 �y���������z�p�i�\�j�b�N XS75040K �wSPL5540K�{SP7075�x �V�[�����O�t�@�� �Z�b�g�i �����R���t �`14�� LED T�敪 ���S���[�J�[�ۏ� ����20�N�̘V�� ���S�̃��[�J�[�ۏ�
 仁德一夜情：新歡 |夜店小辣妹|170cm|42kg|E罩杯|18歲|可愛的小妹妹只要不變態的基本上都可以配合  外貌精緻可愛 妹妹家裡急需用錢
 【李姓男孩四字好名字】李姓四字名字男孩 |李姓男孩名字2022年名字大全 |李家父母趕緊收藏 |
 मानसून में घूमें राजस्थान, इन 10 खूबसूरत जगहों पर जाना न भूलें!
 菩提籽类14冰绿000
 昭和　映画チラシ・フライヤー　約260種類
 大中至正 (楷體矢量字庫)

...

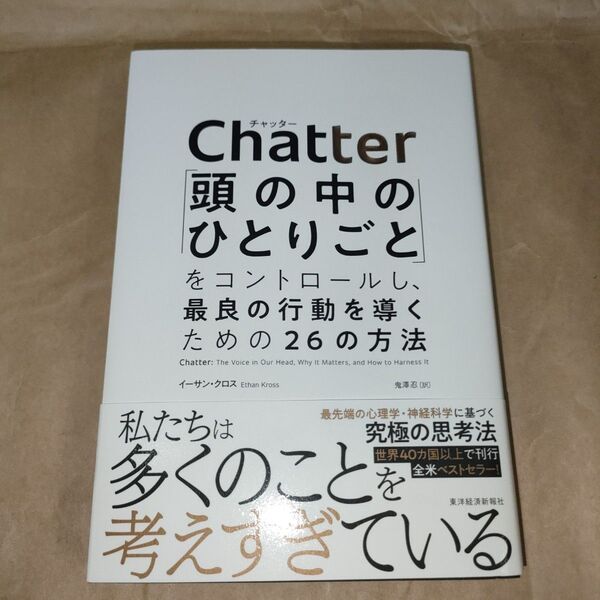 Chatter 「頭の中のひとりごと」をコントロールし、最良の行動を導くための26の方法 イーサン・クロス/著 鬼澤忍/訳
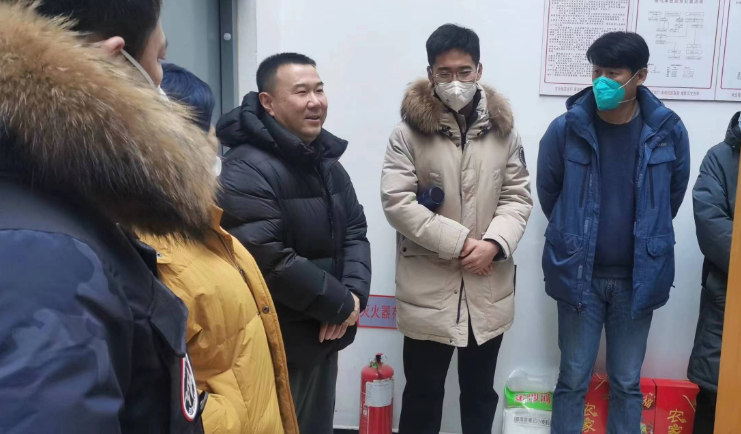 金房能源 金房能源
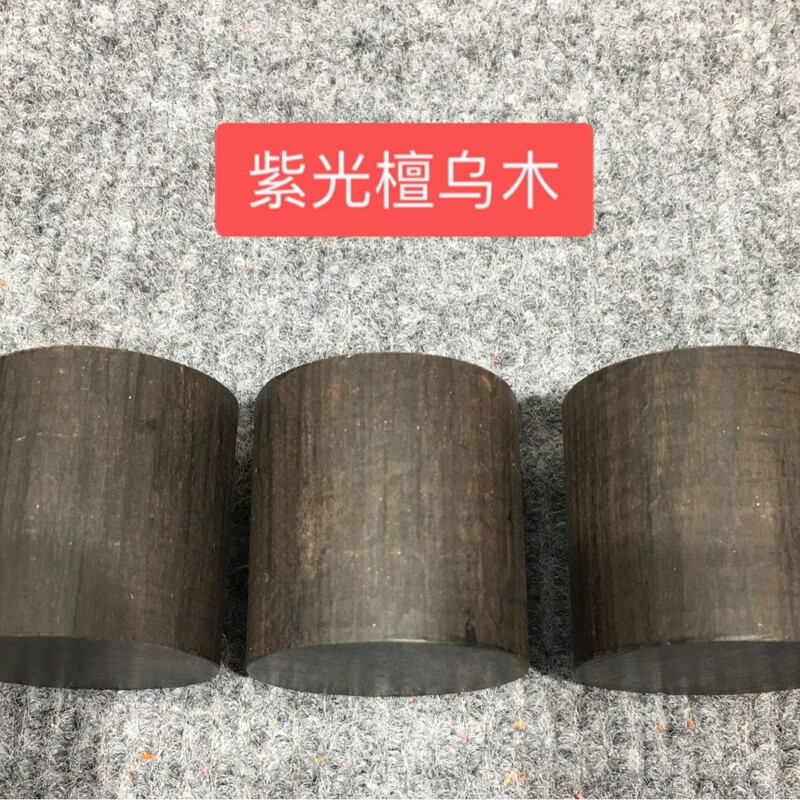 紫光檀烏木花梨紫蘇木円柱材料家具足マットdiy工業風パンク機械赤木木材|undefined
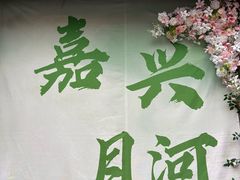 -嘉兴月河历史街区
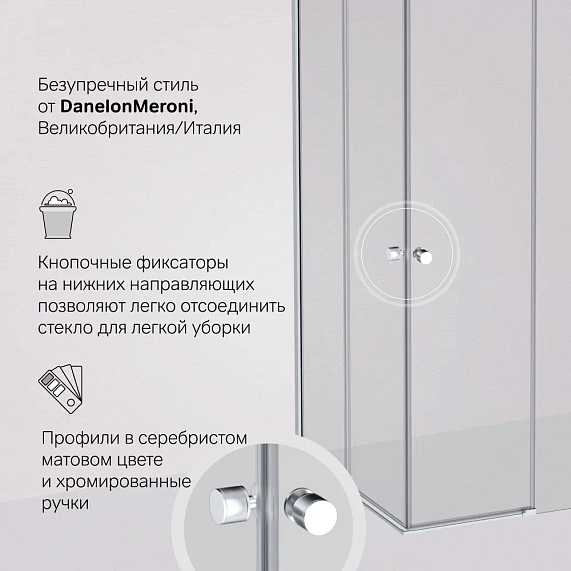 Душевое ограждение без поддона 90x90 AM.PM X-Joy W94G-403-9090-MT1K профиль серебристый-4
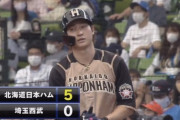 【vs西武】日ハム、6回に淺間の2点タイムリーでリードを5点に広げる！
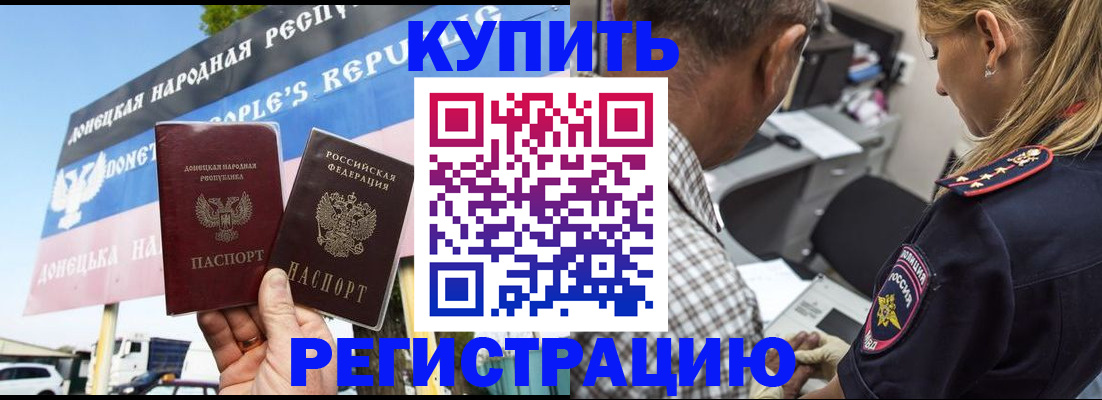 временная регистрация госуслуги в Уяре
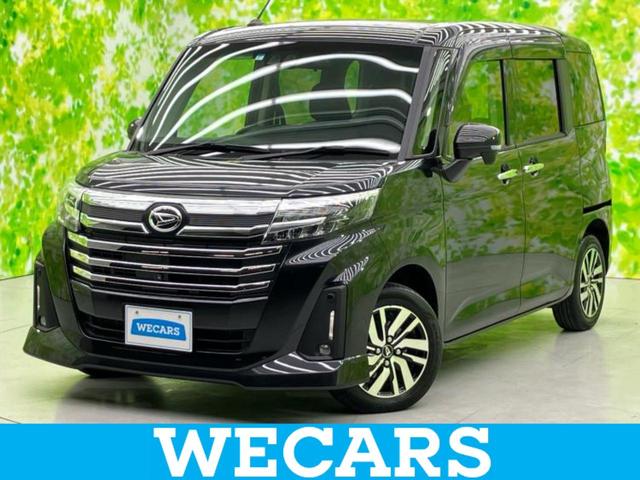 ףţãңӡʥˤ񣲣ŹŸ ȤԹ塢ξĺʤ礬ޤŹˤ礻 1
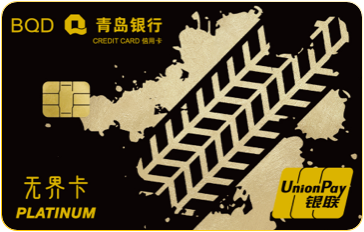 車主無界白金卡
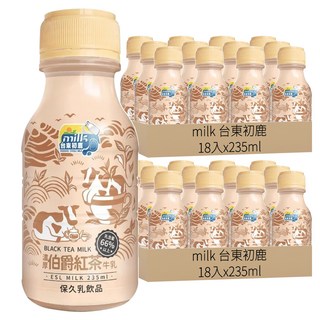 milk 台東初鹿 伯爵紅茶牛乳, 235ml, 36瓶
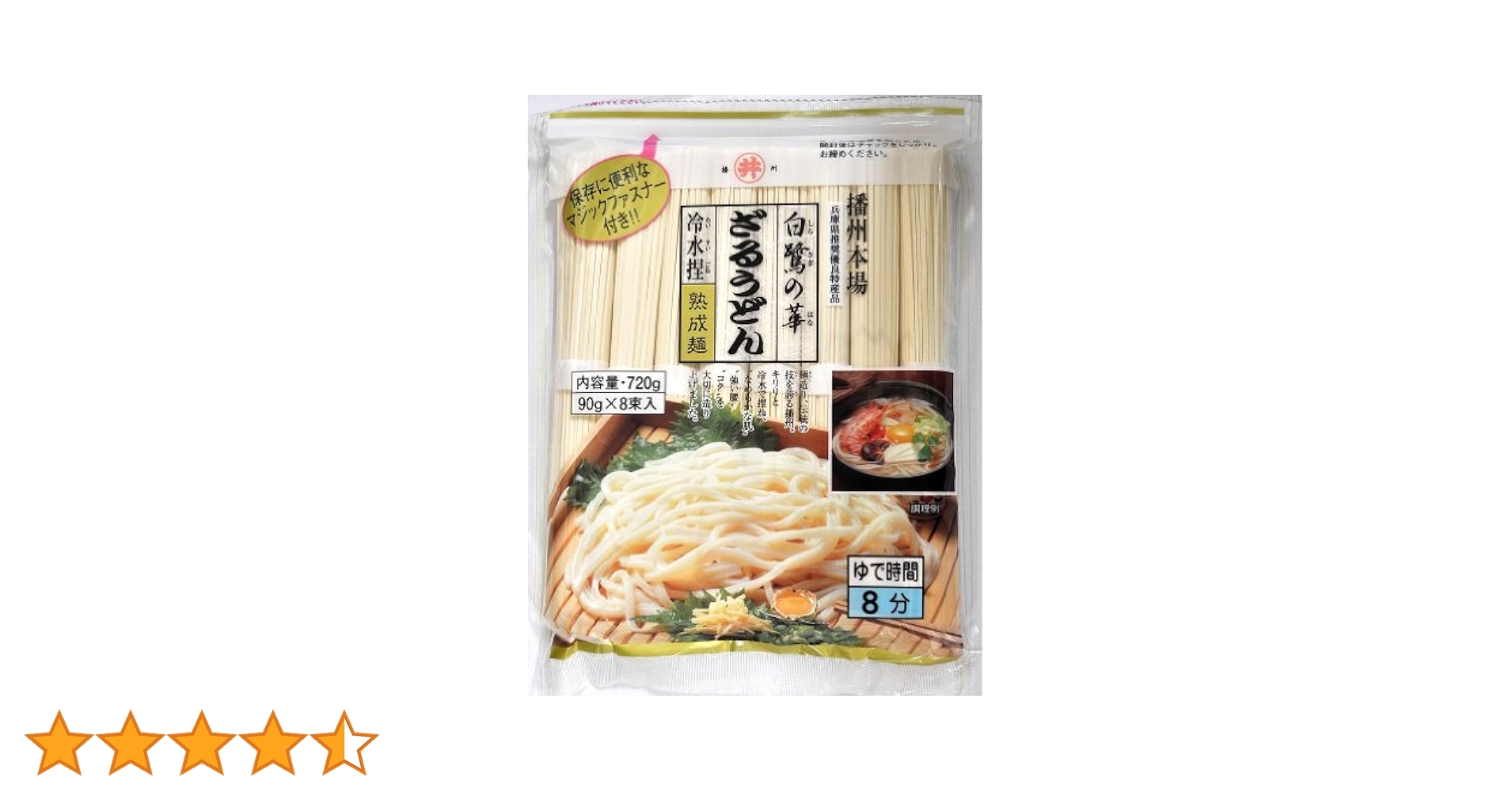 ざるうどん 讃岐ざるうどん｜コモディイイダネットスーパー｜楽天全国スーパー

Problem requirements ▸
Lines wanted from the listing above: the line with "T�敪 ���S���[�J�[�ۏ� ����20�N�̘V�� ���S�̃��[�J�[�ۏ�" up to and including the line with "大中至正 (楷體矢量字庫)". Please write them out exactly, adding nothing else.

Answer below ▸
 �y���������z�p�i�\�j�b�N XS75040K �wSPL5540K�{SP7075�x �V�[�����O�t�@�� �Z�b�g�i �����R���t �`14�� LED T�敪 ���S���[�J�[�ۏ� ����20�N�̘V�� ���S�̃��[�J�[�ۏ�
 仁德一夜情：新歡 |夜店小辣妹|170cm|42kg|E罩杯|18歲|可愛的小妹妹只要不變態的基本上都可以配合  外貌精緻可愛 妹妹家裡急需用錢
 【李姓男孩四字好名字】李姓四字名字男孩 |李姓男孩名字2022年名字大全 |李家父母趕緊收藏 |
 मानसून में घूमें राजस्थान, इन 10 खूबसूरत जगहों पर जाना न भूलें!
 菩提籽类14冰绿000
 昭和　映画チラシ・フライヤー　約260種類
 大中至正 (楷體矢量字庫)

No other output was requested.